Not a whole lot going on this week in terms of legal developments, so I thought I'd reach back to an older post of mine, where I talked about a case pending before the Fifth Circuit regarding 14a-8. The original petitioner, the National Center for Public Policy Research, argued that the SEC engages in viewpoint discrimination when it issues no-action letters; an intervenor challenged the entire basis for Rule 14a-8 as unauthorized by statute and unconstitutional to boot. The SEC, for its part, addressed these substantive arguments but concentrated most of its energies on arguing that no-action letters are not final orders subject to challenge in the first place.
Normally, I'd assume a case like this wouldn't have much chance of succeeding, but it's the Fifth Circuit, which tends to take an entrepreneurial approach to issues like corporate rights, standing, and administrative authority. Even then, I'd say the petitioners were likely out of luck, because the panel turned out to be Jones, Douglas, and Dennis – meaning, two Democrats and a Republican – and, indeed, only Judge Jones demonstrated any sympathies for the petitioners during oral argument. But! The last time sec reg ended up before a 2-1 Democratic panel of the Fifth Circuit, the Democrats' ruling in favor of the NASDAQ's diversity rule was taken en banc where its prospects apparently are rather dim.
So what happens if Rule 14a-8, at least in the form we know it, dies?
Well, that brings me to the United Mine Workers' tactic against Warrior Met. As Mike Levin described in his Activist Investor blog here, United Mine Workers took advantage of the universal proxy rule to run a shareholder proposal proxy contest.

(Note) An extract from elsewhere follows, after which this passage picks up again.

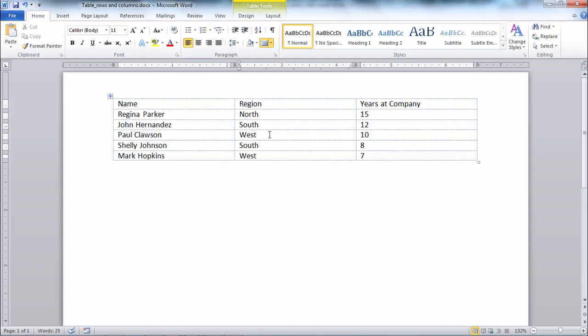This concludes the video on grid lines in Microsoft Word. Thanks for watching.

That is, because it can now list incumbent director candidates on its own proxy card, that's just what it did – it offered several shareholder proposals (14a-8 would limit it to just one), ignored all of Rule 14a-8's other strictures, filed its own proxy materials, sent out proxy cards, and hired a vendor to collect them. Having done that, Warrior Met was backed into a corner and forced to include the proposals in its own proxy materials – because otherwise it risked losing control over, and insight into, how proxy cards collected by Mine Workers were being voted or if they were being returned at all. The expenses for this entire effort by the Mine Workers totaled just $15,000, which sounds very feasible for at least some repeat-player proposal proponents. It also may just scratch the surface of what the universal proxy enables in the future.

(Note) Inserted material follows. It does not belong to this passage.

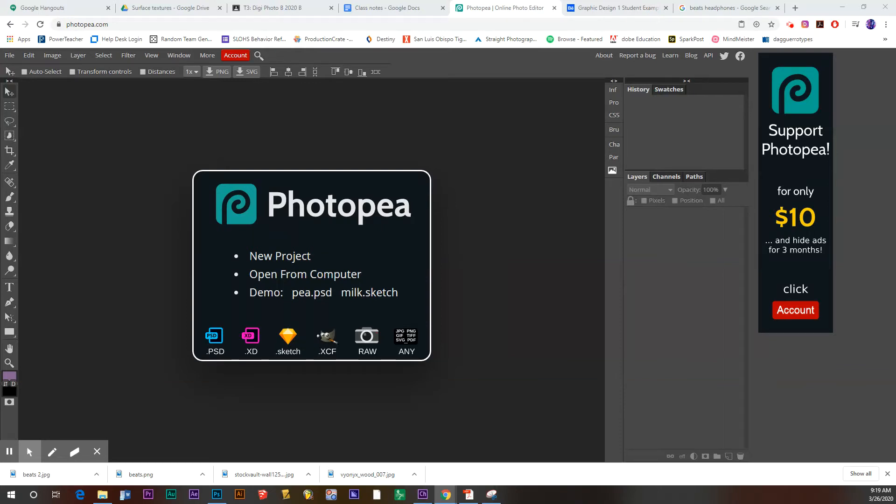Good morning, Intro to Digital Media students. This is Mr. Roper, and I'm going to do a video demonstration today on how to create your product ad for our next graphic design project.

But that, of course, assumes the proposal is one that United Mine Workers can, in fact, bring to the floor – i.e., state corporate law has to allow shareholders to raise these proposals at a shareholder meeting and vote on them, before anything else can happen. Mohsen Manesh lays out the argument for how corporations can – via bylaw or charter provisions – limit shareholders' power to make proposals in the first place, which would not only prohibit United Mine Workers' tactic, but also limit the use of 14a-8 (which is only supposed to enable shareholders to exercise their state-law created governance rights). If he's right, and if companies/management take advantage of that ability, we could lose a lot of shareholder proposals entirely (and a major source of entertainment for corporate academia). Prof. Manesh explains that companies might not want to limit shareholders' ability to bring proposals – maybe investors would be annoyed if their rights were curtailed that way – but, as I previously observed, there wasn't much pushback when Exxon sued its own shareholders over a proposal, so maybe there's space for companies to rid themselves of proposals entirely.